### Instructions to follow:
The entries below are to be given back exactly, with images excluded.

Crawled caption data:
• • • • •
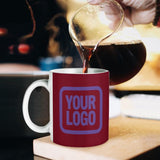 Custom Crimson Red Light Purple Mug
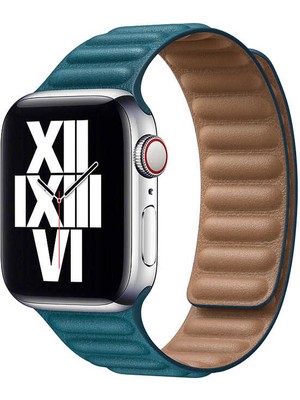 ZORE ​​​watch 38MM Uyumlu Krd-34 Deri Kordon - Petrol MAVI-8682314092517-OTNV50306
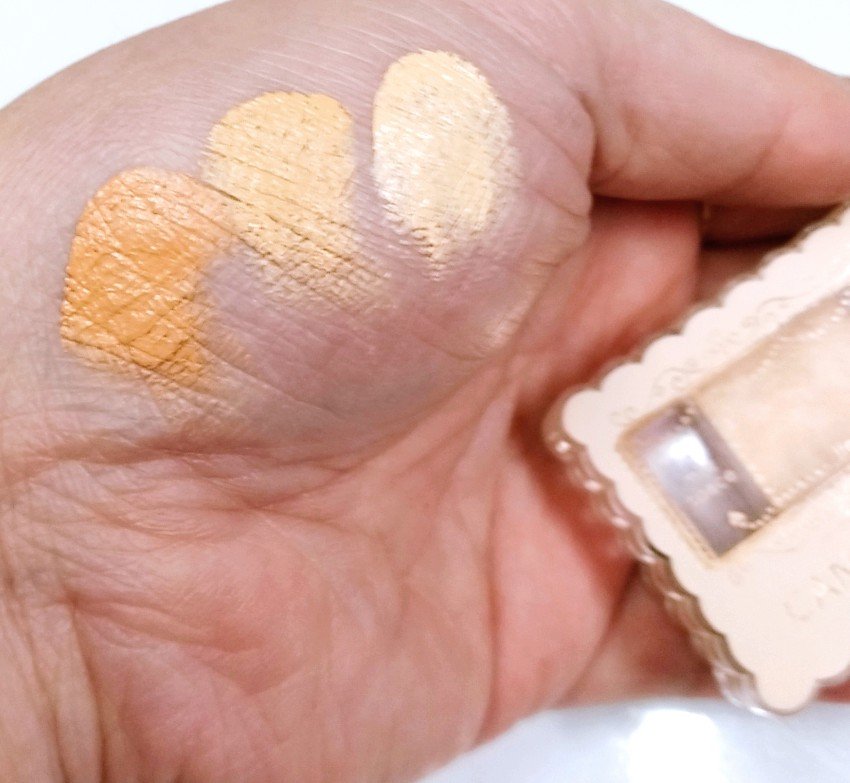 カラーミキシングコンシーラー/キャンメイク/パレットコンシーラーを使ったクチコミ（2枚目）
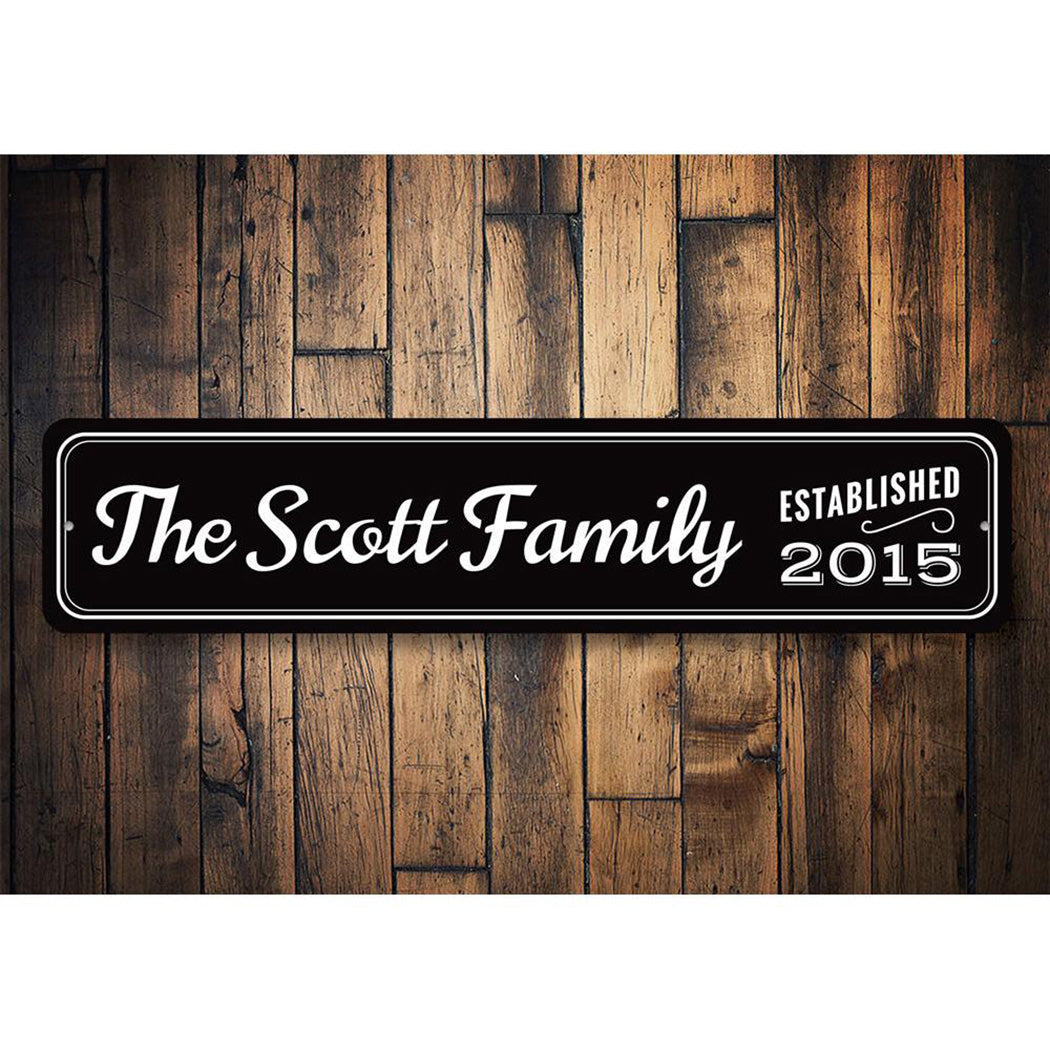Last Name Family Sign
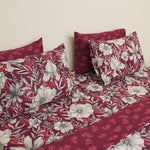 Abstract Berry Single Duvet Cover & Comforter Set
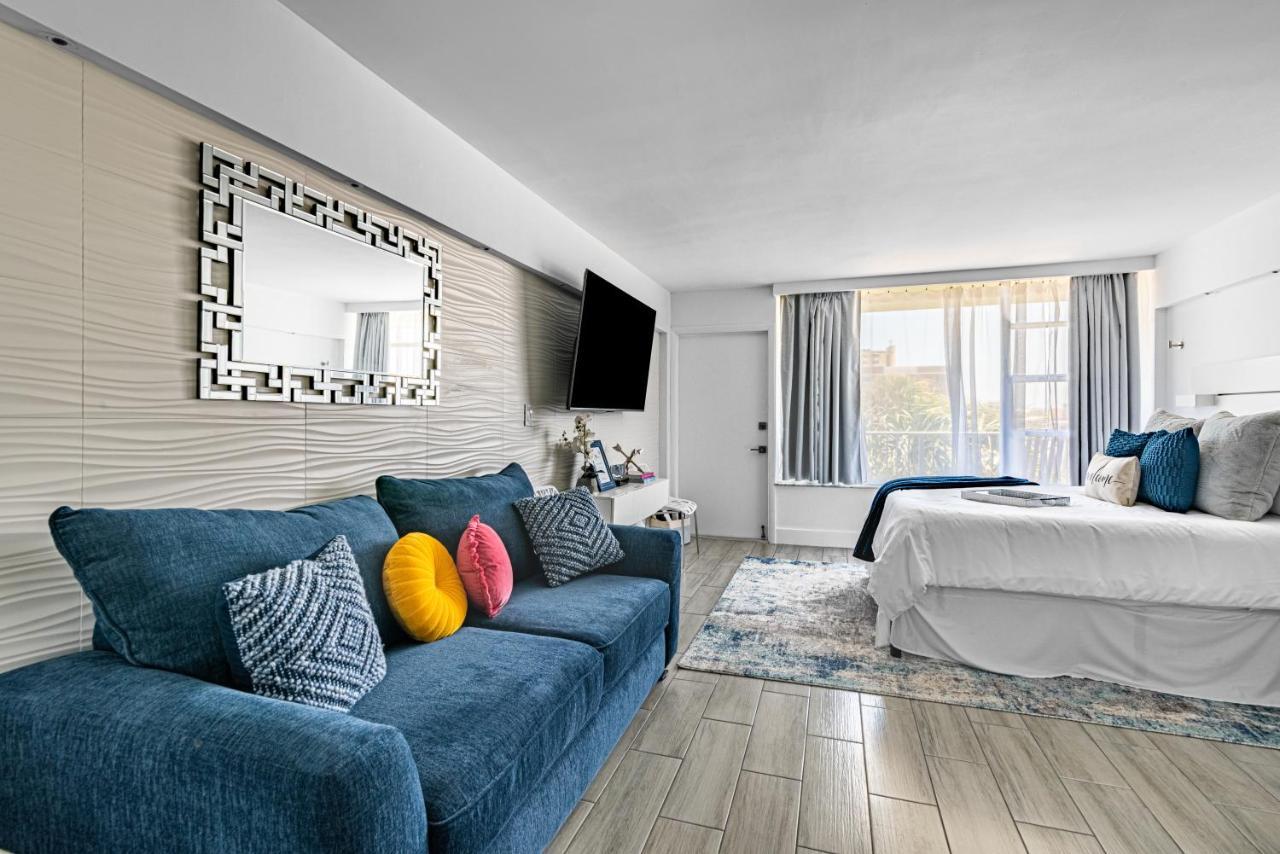 Newly Renovated Oceanfront Studio W/ Balcony - Daytona Beach 아파트 외부 사진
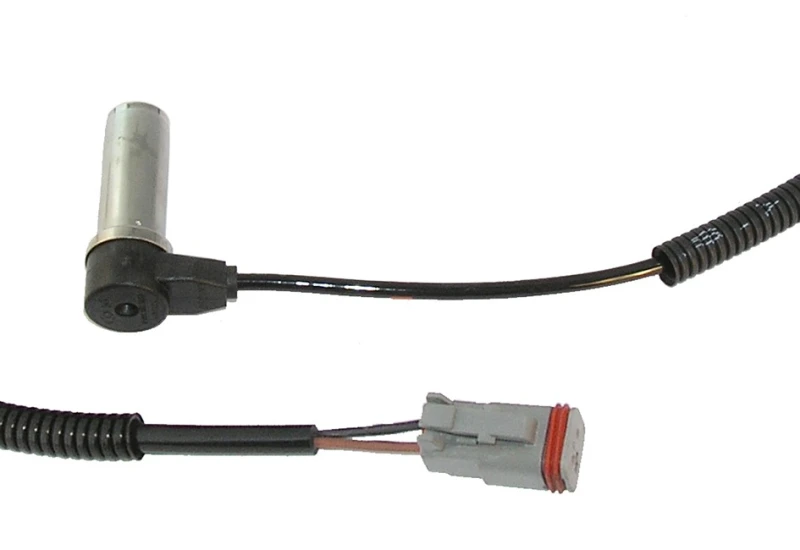Image of KNORR-BREMSE K144291K50 ABS Sensor Rear Axle Left, with sleeve Sensor,wheel speed (412)
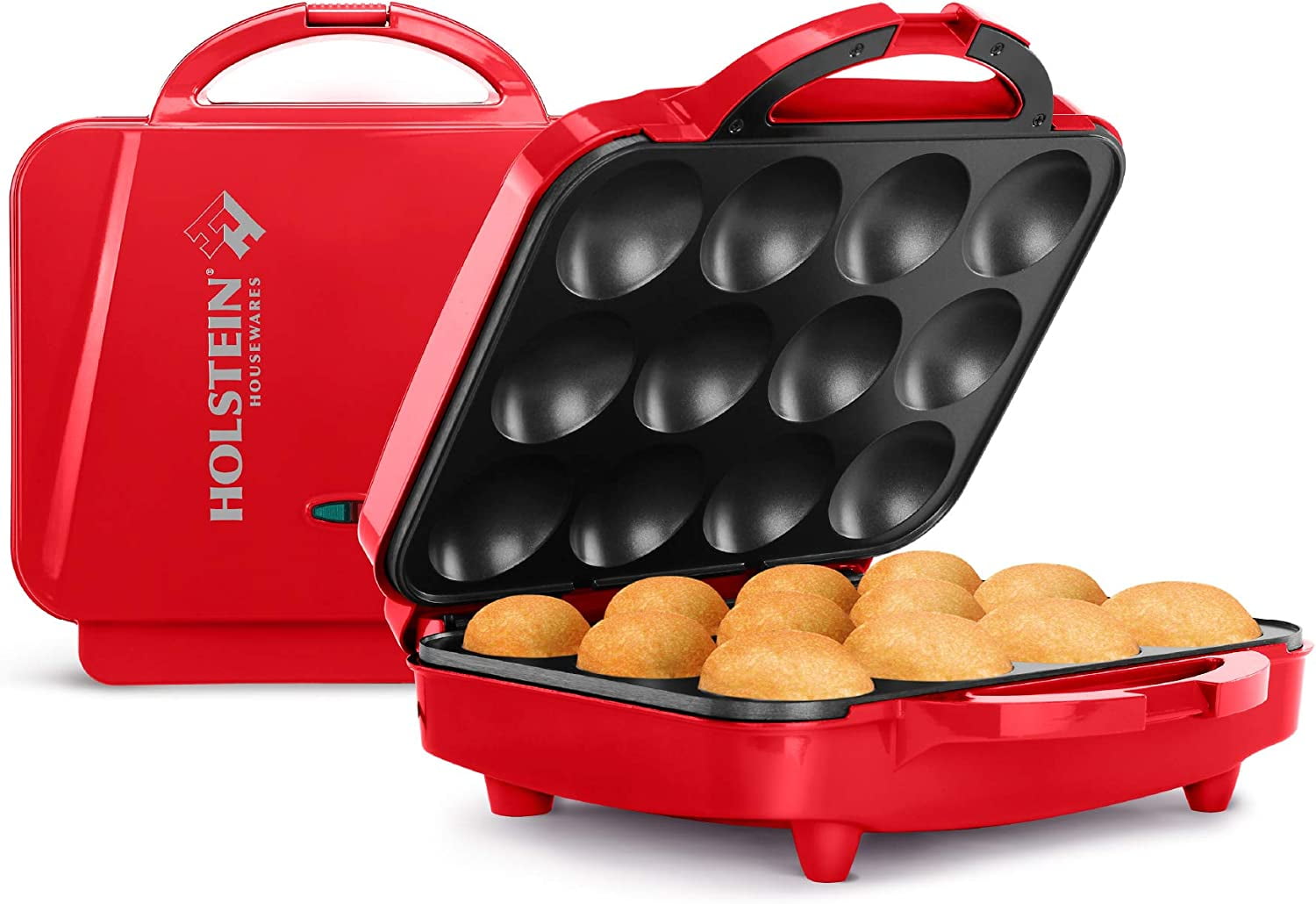 Holstein Housewares 12 Piece Cupcake Maker, Red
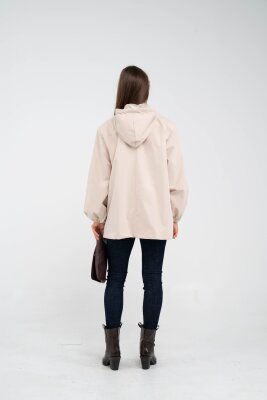 Kapüşonlu Çift Düğmeli Trençkot K8051 - 9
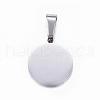 Non-Tarnish 304 Stainless Steel Pendants STAS-H355-22P-2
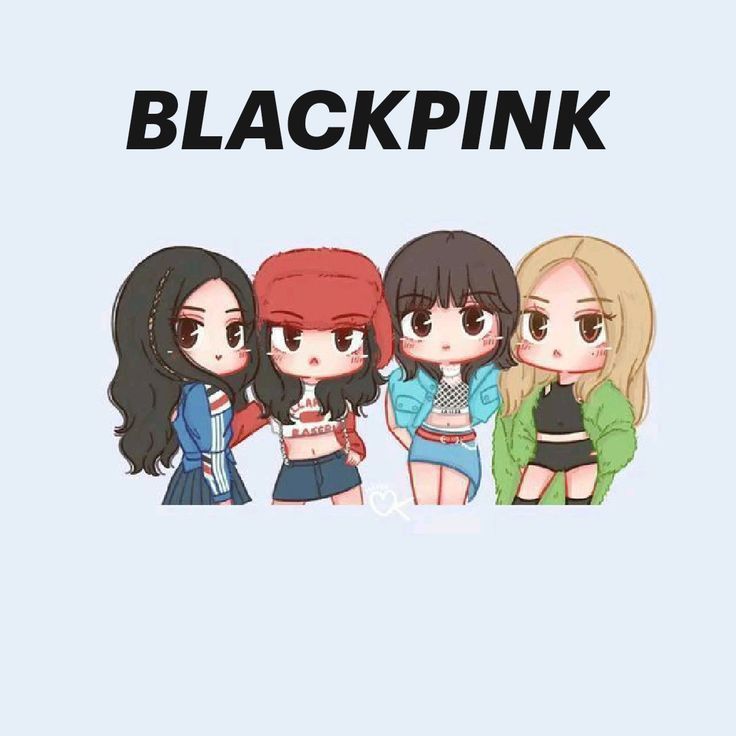 Ảnh Blackpink chibi - siêu ngầu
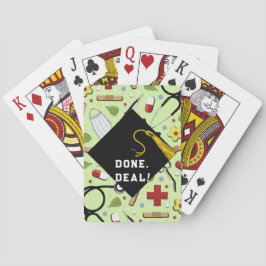 Baraja De Cartas Grado divertido de la Escuela de Enfermería de Enf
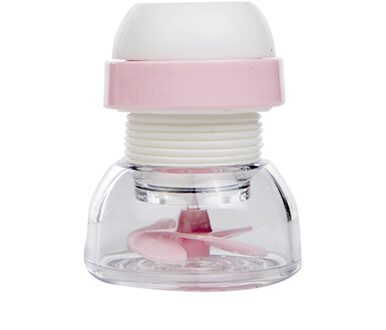 Verstelbare Keuken Kraan Nozzle Extender Swivel Water Tap Filter Water Saver Splash-Proof Water Outlet Badkamer Accessoires Roze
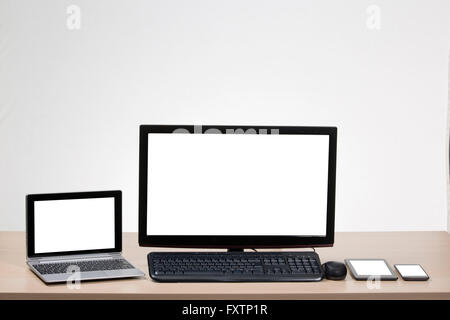 Mehrere große Bildschirme Stockfoto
• • • • •
### Solution for this problem:
 Custom Crimson Red Light Purple Mug
 ZORE ​​​watch 38MM Uyumlu Krd-34 Deri Kordon - Petrol MAVI-8682314092517-OTNV50306
 カラーミキシングコンシーラー/キャンメイク/パレットコンシーラーを使ったクチコミ（2枚目）
Last Name Family Sign
 Abstract Berry Single Duvet Cover & Comforter Set
 Newly Renovated Oceanfront Studio W/ Balcony - Daytona Beach 아파트 외부 사진
Image of KNORR-BREMSE K144291K50 ABS Sensor Rear Axle Left, with sleeve Sensor,wheel speed (412)
 Holstein Housewares 12 Piece Cupcake Maker, Red
 Kapüşonlu Çift Düğmeli Trençkot K8051 - 9
 Non-Tarnish 304 Stainless Steel Pendants STAS-H355-22P-2
 Ảnh Blackpink chibi - siêu ngầu
 Baraja De Cartas Grado divertido de la Escuela de Enfermería de Enf
 Verstelbare Keuken Kraan Nozzle Extender Swivel Water Tap Filter Water Saver Splash-Proof Water Outlet Badkamer Accessoires Roze
 Mehrere große Bildschirme Stockfoto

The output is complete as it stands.